The Lie-Fang 1 (Liberation 1), some sources Jeifang 1, was one of the first gliders designed and built in China, though with Polish design input. It is an all-wood, two seat, intermediate training aircraft which first flew in 1958.

==Design and development==

Polish glider experience played a significant part in the establishment of the activity in the young People's Republic of China. Polish aircraft were imported and some were built in China. The design of the Lie-Fang, one of the first gliders to originate in China, was led by the Polish J. Niespal. He was assisted by two Chinese engineers, Tchen-Kuei-Wen and Li-Ti-Tuin. Niespal had worked at the SZD (Experimental Sailplane Institute) in Poland, where the Mucha series was designed, and he used the 1953 SZD-12 Mucha 100 as a starting point. There were many differences between the Mucha and the Lie-Fang, partly because the latter was a two-seat aircraft and therefore longer, with a much modified nose and more strongly forward-swept wings; the Lie-Fang's fuselage was a simpler, flat sided structure compared with the Mucha's oval section monocoque and the empennage was more angular.

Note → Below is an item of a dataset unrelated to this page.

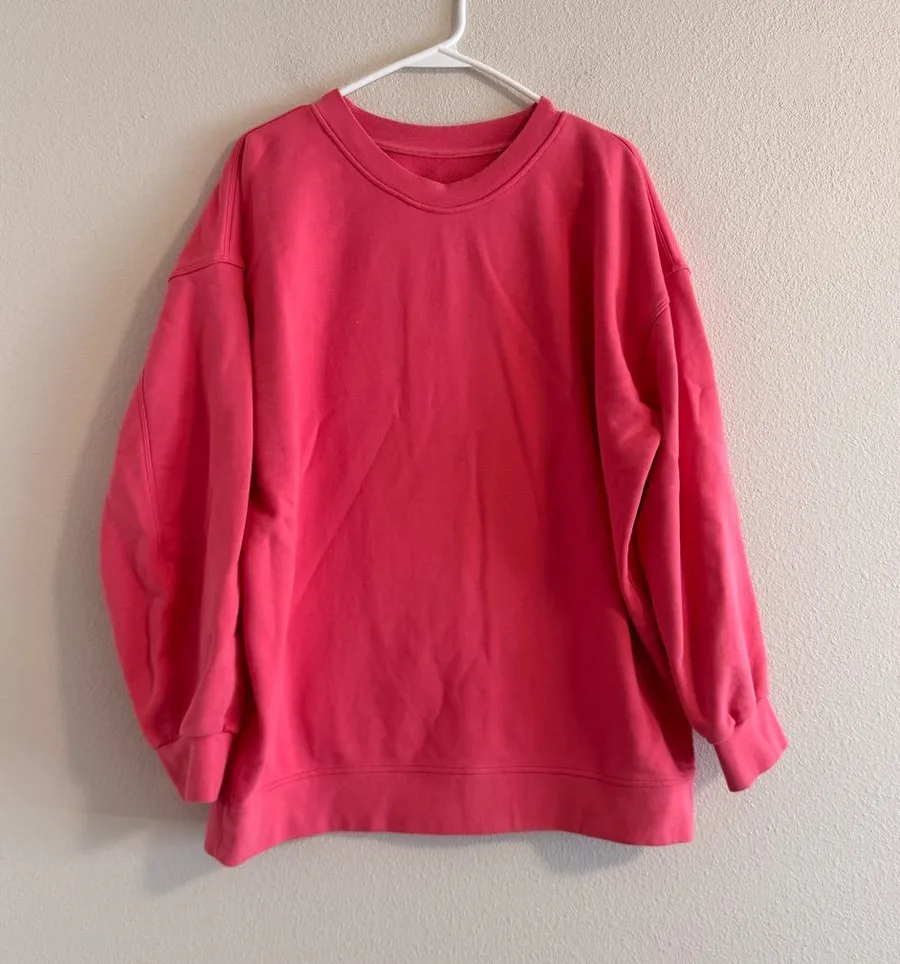 Lululemon Relaxed Crewneck Sweatshirt in Coral Pink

The Lie-Fang is wood framed, with some use of the local "poton" wood and with a mixture of plywood and fabric covering. It has a high mid mounted single spar wing with a plywood covered torsion box leading edge, Behind the spar the wing is fabric covered. In plan it is straight tapered with unswept leading edges, resulting in forward sweep of 2° at one quarter chord. There is 4° of dihedral and 2° of washout. Its ailerons are slotted and fabric covered and spoilers, mounted behind the spar at about one third span, open above and below the wing.

The fuselage is a flat sided monocoque which tapers gently to the rear, with the straight tapered tailplane mounted on top of it and forward of the fin. The rear surfaces are fabric covered. The straight edged rudder extends to the keel and moves in a cut-out between the elevators, one of which has a trim tab. The cockpit, mostly ahead of the wing leading edge, seats pupil and instructor in tandem with a single set of instruments that they can both see. The fixed, two part forward canopy reaches almost to the nose; a rear transparent section opens sideways for access to both seats. The Lie-Fang lands on a fixed monowheel undercarriage under the wing, fitted with brakes and aided by a short, rubber sprung nose skid and a tail bumper.

The Lie-Fang made its first flight on 10 May 1958. It was cleared for cloud flying and classed as semi-aerobatic. It went into production and was used an intermediate trainer, preparing students for their first solo flights in Chinese built Mucha 100s.